Report the count of lines below that include "from", without any other text.

[Collected data]
※
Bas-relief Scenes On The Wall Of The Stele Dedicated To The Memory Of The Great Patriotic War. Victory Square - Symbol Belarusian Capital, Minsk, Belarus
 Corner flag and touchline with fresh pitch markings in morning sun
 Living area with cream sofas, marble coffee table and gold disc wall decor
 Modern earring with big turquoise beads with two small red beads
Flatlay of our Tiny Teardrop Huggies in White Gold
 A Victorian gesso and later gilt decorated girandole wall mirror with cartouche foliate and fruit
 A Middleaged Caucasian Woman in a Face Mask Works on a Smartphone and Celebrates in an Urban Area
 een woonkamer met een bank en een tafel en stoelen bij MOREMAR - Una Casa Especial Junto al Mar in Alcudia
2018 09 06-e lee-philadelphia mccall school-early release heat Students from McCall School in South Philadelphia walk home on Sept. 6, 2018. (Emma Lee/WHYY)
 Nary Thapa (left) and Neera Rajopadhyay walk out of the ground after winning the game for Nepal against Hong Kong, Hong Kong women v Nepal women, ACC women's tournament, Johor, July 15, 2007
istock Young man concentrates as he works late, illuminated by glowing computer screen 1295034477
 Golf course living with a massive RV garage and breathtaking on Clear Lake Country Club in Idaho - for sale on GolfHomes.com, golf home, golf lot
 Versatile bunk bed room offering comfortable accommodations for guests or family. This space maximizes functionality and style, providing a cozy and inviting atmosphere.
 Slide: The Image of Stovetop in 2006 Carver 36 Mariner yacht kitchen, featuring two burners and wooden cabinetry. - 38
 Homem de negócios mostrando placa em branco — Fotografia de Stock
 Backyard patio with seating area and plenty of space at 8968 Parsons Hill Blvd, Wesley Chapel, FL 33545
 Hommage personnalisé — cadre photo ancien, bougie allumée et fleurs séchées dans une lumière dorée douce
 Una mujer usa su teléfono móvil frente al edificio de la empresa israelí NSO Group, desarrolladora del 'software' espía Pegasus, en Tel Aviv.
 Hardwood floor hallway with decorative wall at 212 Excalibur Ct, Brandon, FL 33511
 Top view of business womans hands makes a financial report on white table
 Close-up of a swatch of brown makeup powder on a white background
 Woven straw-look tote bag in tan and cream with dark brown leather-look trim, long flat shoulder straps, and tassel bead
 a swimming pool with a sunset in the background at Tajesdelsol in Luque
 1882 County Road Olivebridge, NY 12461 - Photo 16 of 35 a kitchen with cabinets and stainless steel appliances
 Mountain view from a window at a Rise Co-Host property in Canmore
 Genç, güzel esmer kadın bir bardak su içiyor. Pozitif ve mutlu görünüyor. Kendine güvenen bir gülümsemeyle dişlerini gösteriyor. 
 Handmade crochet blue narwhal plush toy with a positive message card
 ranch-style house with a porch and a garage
※
# Solution to this exercise
2